DATASET EXTRACT
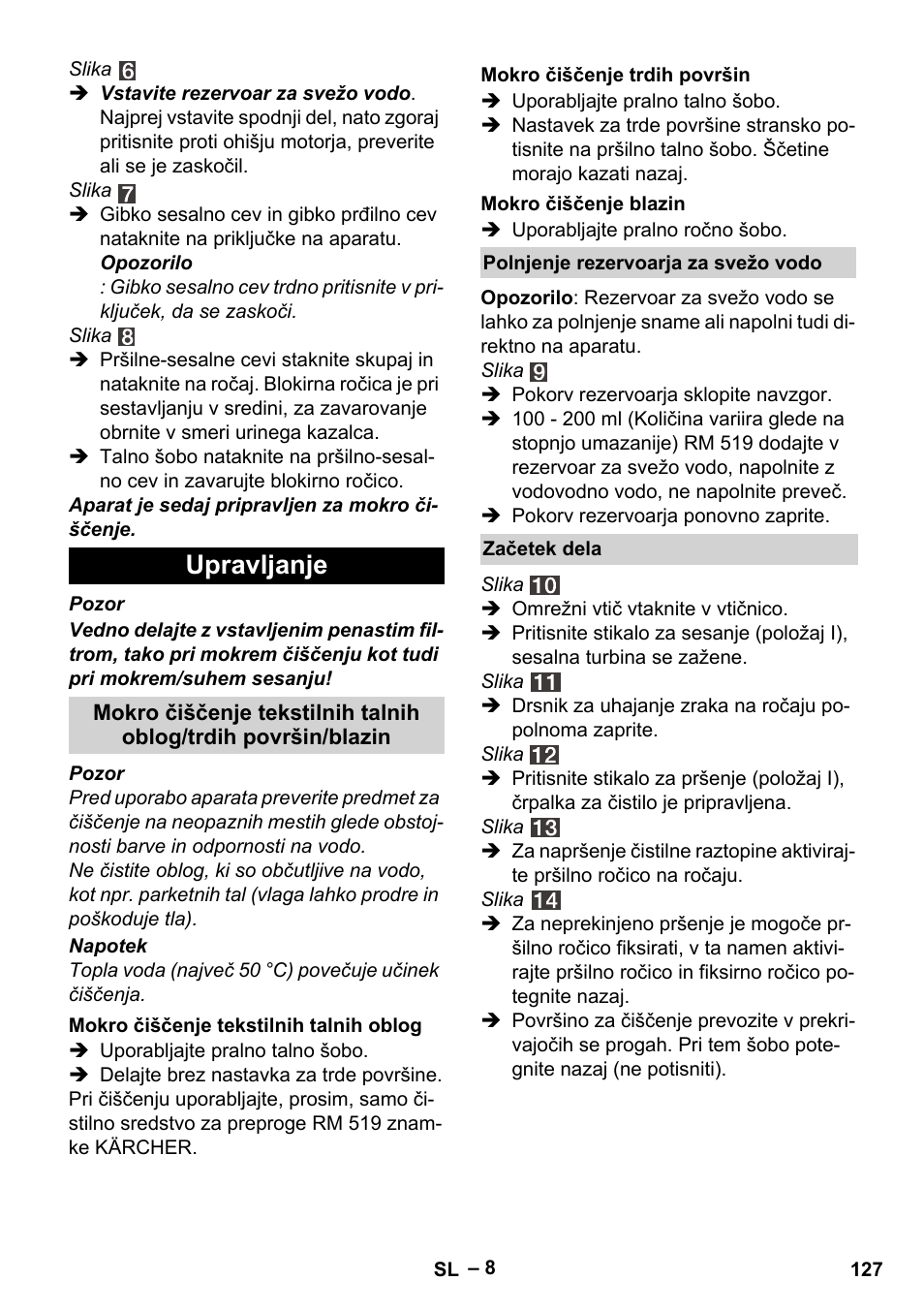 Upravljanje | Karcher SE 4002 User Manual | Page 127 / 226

...

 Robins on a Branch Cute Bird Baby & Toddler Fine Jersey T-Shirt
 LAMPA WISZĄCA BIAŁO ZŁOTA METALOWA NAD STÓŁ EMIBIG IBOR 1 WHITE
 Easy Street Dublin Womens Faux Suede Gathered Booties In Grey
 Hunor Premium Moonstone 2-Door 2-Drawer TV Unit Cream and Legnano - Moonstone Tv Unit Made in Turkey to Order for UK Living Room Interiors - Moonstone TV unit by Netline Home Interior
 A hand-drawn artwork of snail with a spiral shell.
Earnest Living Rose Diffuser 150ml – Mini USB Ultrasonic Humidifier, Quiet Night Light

DIRECTIONS FOR THIS TASK
Across the listing above, find all lines where the word "Living" is present and copy them.

YOUR SOLUTION
 Hunor Premium Moonstone 2-Door 2-Drawer TV Unit Cream and Legnano - Moonstone Tv Unit Made in Turkey to Order for UK Living Room Interiors - Moonstone TV unit by Netline Home Interior
Earnest Living Rose Diffuser 150ml – Mini USB Ultrasonic Humidifier, Quiet Night Light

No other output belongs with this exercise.